As many, including climate and energy minister Chris Bowen have noted, renewable energy is affordable, inexhaustible, and sovereign—its supply cannot be blocked by warmongers or conflict. People intuitively know this; it’s why sales of electric cars have climbed to an all-time high, it’s why interest in rooftop solar and batteries has skyrocketed in recent months.
The reality is that oil and gas are to blame for much of the cost-of-living pain we’re feeling right now; fossil fuels are the disease, not the cure. If Australia were further along in our renewable energy transition and EV uptake, we would be much better insulated from petrol and gas price shocks and supply chain disruptions.

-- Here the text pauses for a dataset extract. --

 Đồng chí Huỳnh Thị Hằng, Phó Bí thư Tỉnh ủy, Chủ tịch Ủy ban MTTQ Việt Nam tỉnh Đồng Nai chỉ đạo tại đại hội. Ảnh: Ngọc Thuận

Yes, we need short-term solutions to ease the very real cost-of-living pressures that Australian communities and workers are facing as a result of fuel shortages. While replacement supplies is no doubt a valid step for now—Greenpeace is also backing taxes on the war profits of gas corporations to fund relief measures for Australians—in the long term, we will only get off the rollercoaster of fossil fuel dependency and price volatility if we break free from fossil fuels and accelerate progress towards an energy system built on 100% renewable energy, backed by storage.